Faço o possível para tornar-me invisível. Não é preciso ter visão raio-x ou microscópica para sentir que as milhões de bactérias e vírus, que habitam todo e qualquer elemento naquelas centenas de metros quadrados, não são o pior que posso temer. Não é preciso ter um quociente de inteligência elevado ou um poder sobrenatural para compreender que aquelas dúzias de homens parados ali querem me comer e já pensaram em coisas bem piores pra fazer que esperar um ônibus chegar para partir. O bilheteiro faz questão de tocar minha mão enquanto me entrega o ticket da passagem. Um sabre de luz cortante me caía bem. (Ou a ele). Não é cortês ou acidente, é intenção. Eu poderia matá-lo também com um simples rodopiar da minha varinha mágica. Avada Kedavra. O vendedor da padaria armada arma o teatro da gentileza em um tom que causaria inveja aos apresentadores veteranos de tv. Meu bem querer, o que você vai querer hoje? (Desaparecer). Ele olha para meus peitos enquanto me serve um pão na chapa, toca meu ombro depois de me trazer o café com leite. 38, AK-47, chumbinho ou um tiro de borracha no seu pau. Pode escolher. Todos os outros me olham e fazem seu papel de meros figurantes. Uma bomba relógio presa no meu cinto apita a contagem regressiva. Não me escondo atrás da mulher maravilha. Sou ela. (Só que não). Quase desabafo de ódio, derreto meio pão no copo americano, ponho pra dentro e fujo dali. A fila de taxistas com suas camisas celestes de botões abertos cochicham qualquer coisa que meu ouvido de tuberculoso não me permite distinguir mais que gostosa. Uma granada na garganta de cada um deles. Um desintegrador de espermas.
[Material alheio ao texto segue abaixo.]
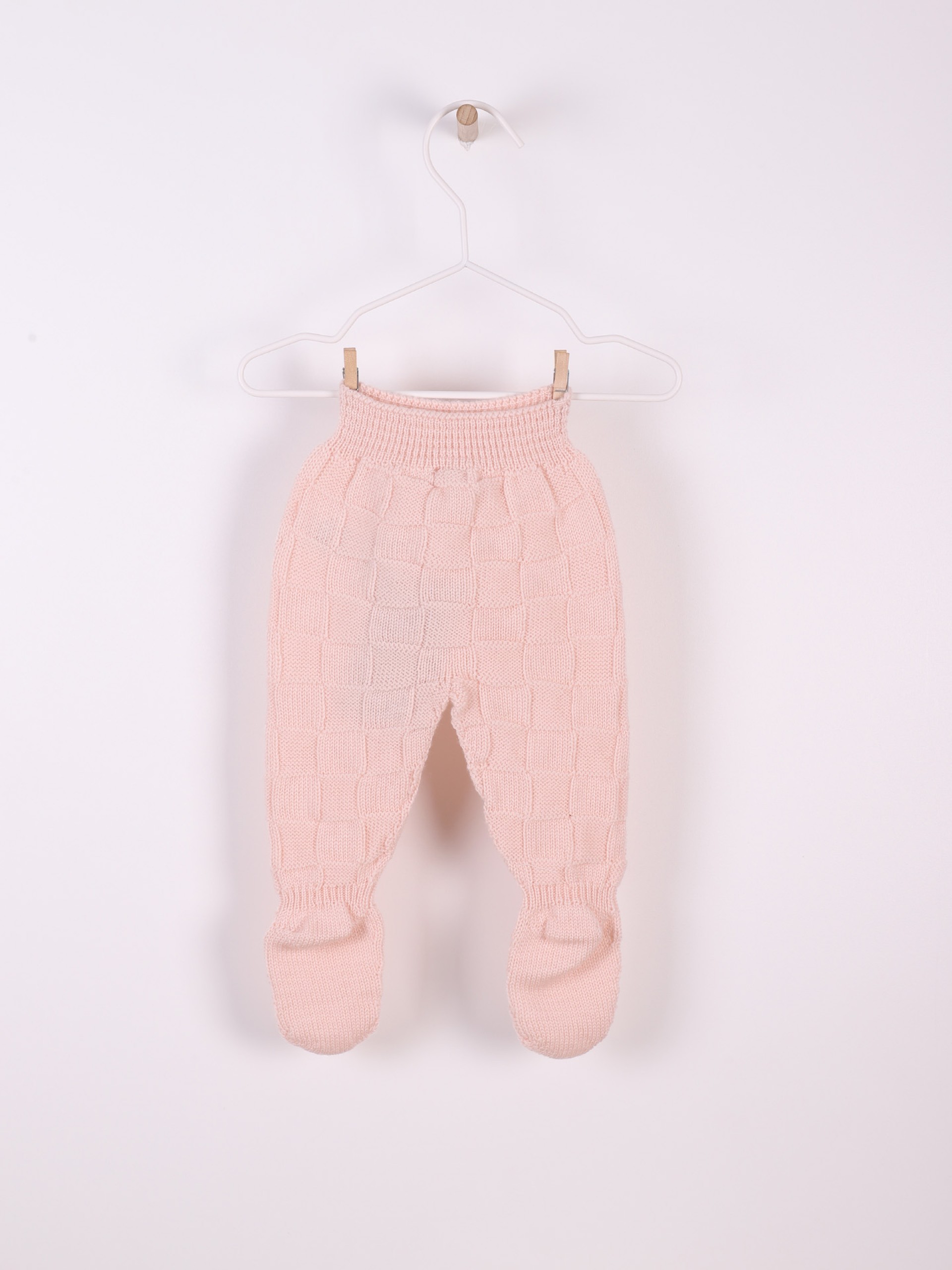 Knitted wool trousers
Meu ônibus chega. O motorista anuncia a hora e o destino, e os ansiosos se encaminham para subir e se esconder cada quem em sua caverna-poltrona. Minutos depois, o que parece ser o último passageiro sobe; o motorista recolhe minha passagem enquanto ainda reluto para entrar. Enquanto permaneço ali, ele lê atentamente e em voz alta meus dados escritos a caneta, caso haja um acidente, telefone, identidade e puxa um assunto de mas você vai viajar sozinha, linda? Um raio fulminador de cérebro e língua. Pela minha afirmativa congelante, ele sabe que não devia ter falado nada. Eu volto minha observação para a porta de saída do terminal. Ele agora sabe que estou esperando aquele homem que está vindo em minha direção. Ele se afasta para fazer alguma coisa burocrática e observar os próximos movimentos do homem que se aproxima. Três segundos. Não nos olhamos nos olhos. Nos abraçamos com força. Sou eu. Ele nem precisa dizer. Absorvo tudo o que eu posso pelo olfato, pelo tato. Pelas partes que me tocam. Barriga, braços, rosto, pedaços de pernas. Minha pedra filosofal. Três segundos de antídoto. De derretimento da armadura para a fabricação do mais sublime afeto. Não falamos mesmo nada. Era só isso. Me despeço entrando no ônibus sem olhar para trás. O motorista liga o motor, parte e pronto. Volto a ser a heroína que sempre sou. Exceto nesses três segundos de imortalidade.